There was also an interaction between character and condition, F(4,533) = 2.49, p = .043, ηp² = .018.

8

Another ambiguity with the previous studies concerned the amount of time Jim or the other characters had been characterized by certain attributes and behaviors (i.e., “for quite some time”) before the introduction or cessation of the drug, which made it difficult to know what baseline participants intuitively saw Jim or the others returning to or departing from in making their judgments. To remove this ambiguity, all vignettes now start with “For most of his life,” so that participants will have a more uniform basis for making their assessments of changed identity. Finally, in the bad drug conditions, rather than referring to the drug as “addictive” and simply assuming that participants will infer that it is an illegal, recreational substance, as in the earlier studies, we now explicitly describe the drug as such.

9

We are indebted to an anonymous referee for this helpful suggestion.

10

James Rachels (1987) has drawn a roughly similar distinction, between a biological life (numerical identity) and a biographical life (qualitative identity).
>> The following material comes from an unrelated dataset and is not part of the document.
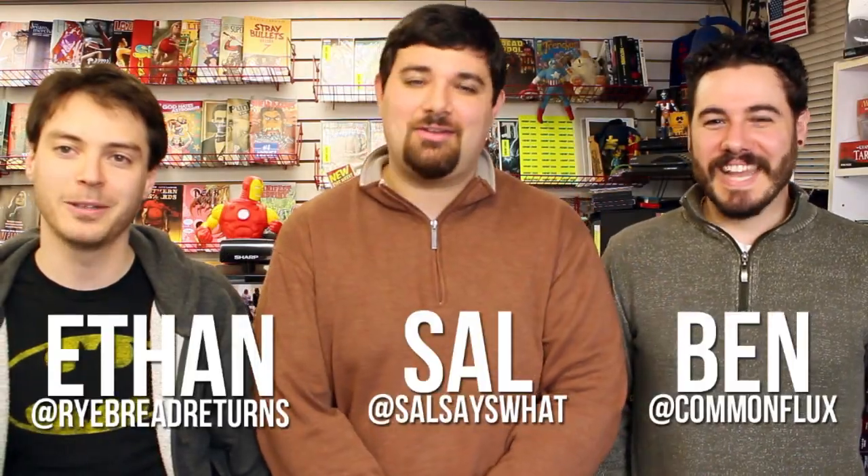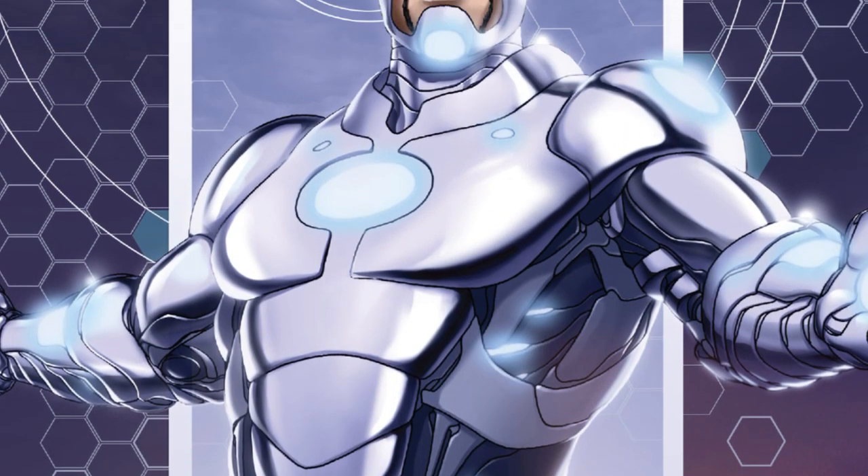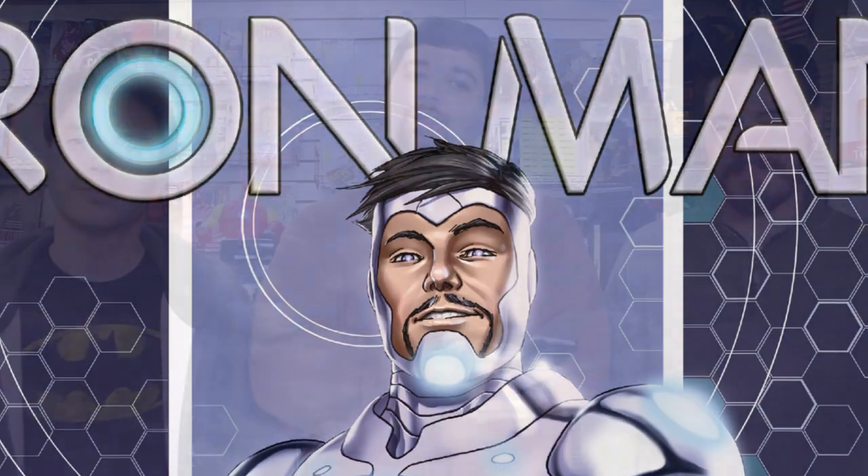Hello everybody and welcome to Off The Rack. I'm Sal. I'm Ethan. And I'm Ben. Today we did Superior Iron Man number one by Tom Taylor and Yildray Cinar. Another Marvel NOW 'Let's Change Everything' status quo uprooting Marvel book, hot on the heels of All New Captain America.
The relevance here is that addiction can sometimes result in substantial changes to a person's biography, making them qualitatively different over time. And as Parfit (1984) argued, “what matters” for identity is not so much persistent association with the same body, but rather "psychological connectedness and/or psychological continuity, with the right kind of cause” (262). If we accept such a view, what defines ”me” has to do with my present mental states, and what is important for personal identity are the relationships of other mental states to those present mental states. In some cases, a person’s future self may be more like another person than it is like the present person, given sufficient change or discontinuity (e.g., as a result of addiction).

11

We note that much of the philosophical debate about personal identity has tended to focus on these kinds of practical concerns (e.g., desert, blame, etc.). We thank an anonymous referee for this helpful point.

12

This is, in principle, an empirical question. If participants are indeed operating with dual-character concepts, then they should, all else equal, be willing to endorse statements (in the context of the present study) such as “there is a sense in which the addicted man is still Jim, but there is also a sense in which he is not really Jim at all.” Thanks to an anonymous referee for this helpful suggestion.

13

An anonymous referee has pointed out that while this suggestion might be plausible, the results from our studies speak more directly to a third-personal perspective than a first-personal one (i.e., addicts themselves). Future research should explore the extent to which addicts think of themselves as “a different person” pre- and post-addiction.